■ **TASK PROMPT**
Every line between the one containing "тгк Карпинск" and the last line of the data, both included, is to be set down exactly, and pictures are to be omitted.

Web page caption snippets
╭──
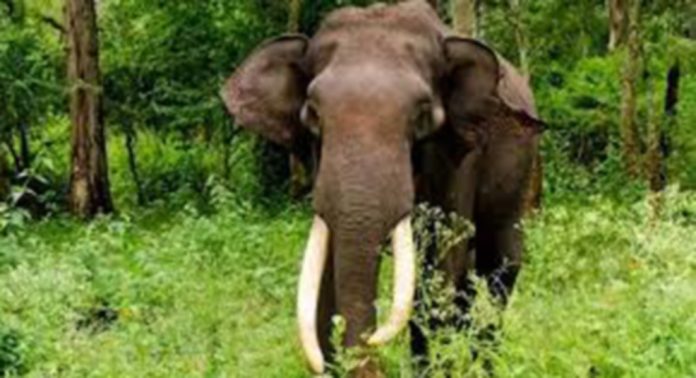 കാട്ടാന ഭീതിയില് കല്ലേലി കാട്ടാന ഭീതിയില് കല്ലേലി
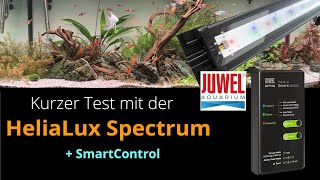 Kurzer Test mit der Juwel HeliaLux Spectrum LED + SmartControl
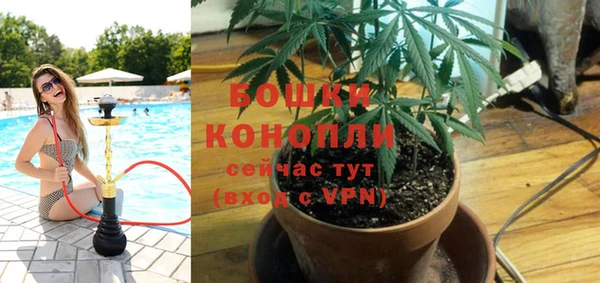 тгк Карпинск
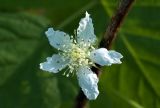 Rubus caesius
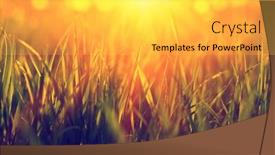  Presentation with soft focus abstract nature - 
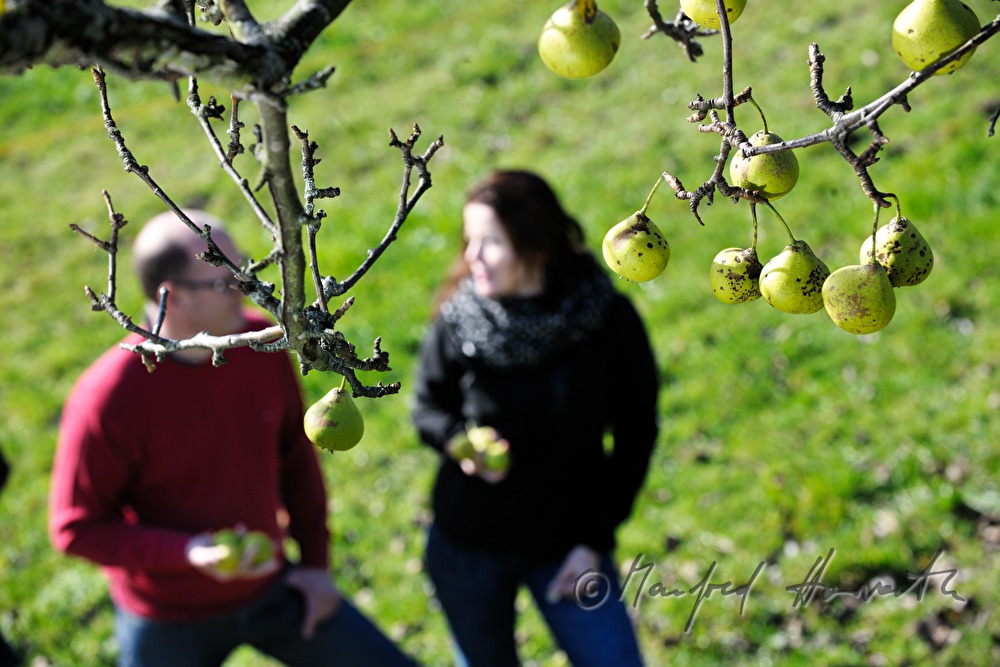 fruit pickers in a break under the pear tree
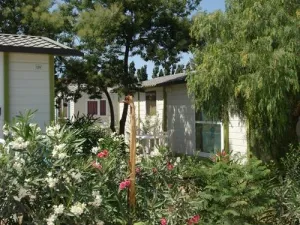 Camping - Argelès-sur-Mer - Languedoc-Roussillon - Domaine de la Pinède Enchantée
╰──
■ **OUTPUT FOR THIS TASK**
 тгк Карпинск
 Rubus caesius
  Presentation with soft focus abstract nature - 
 fruit pickers in a break under the pear tree
 Camping - Argelès-sur-Mer - Languedoc-Roussillon - Domaine de la Pinède Enchantée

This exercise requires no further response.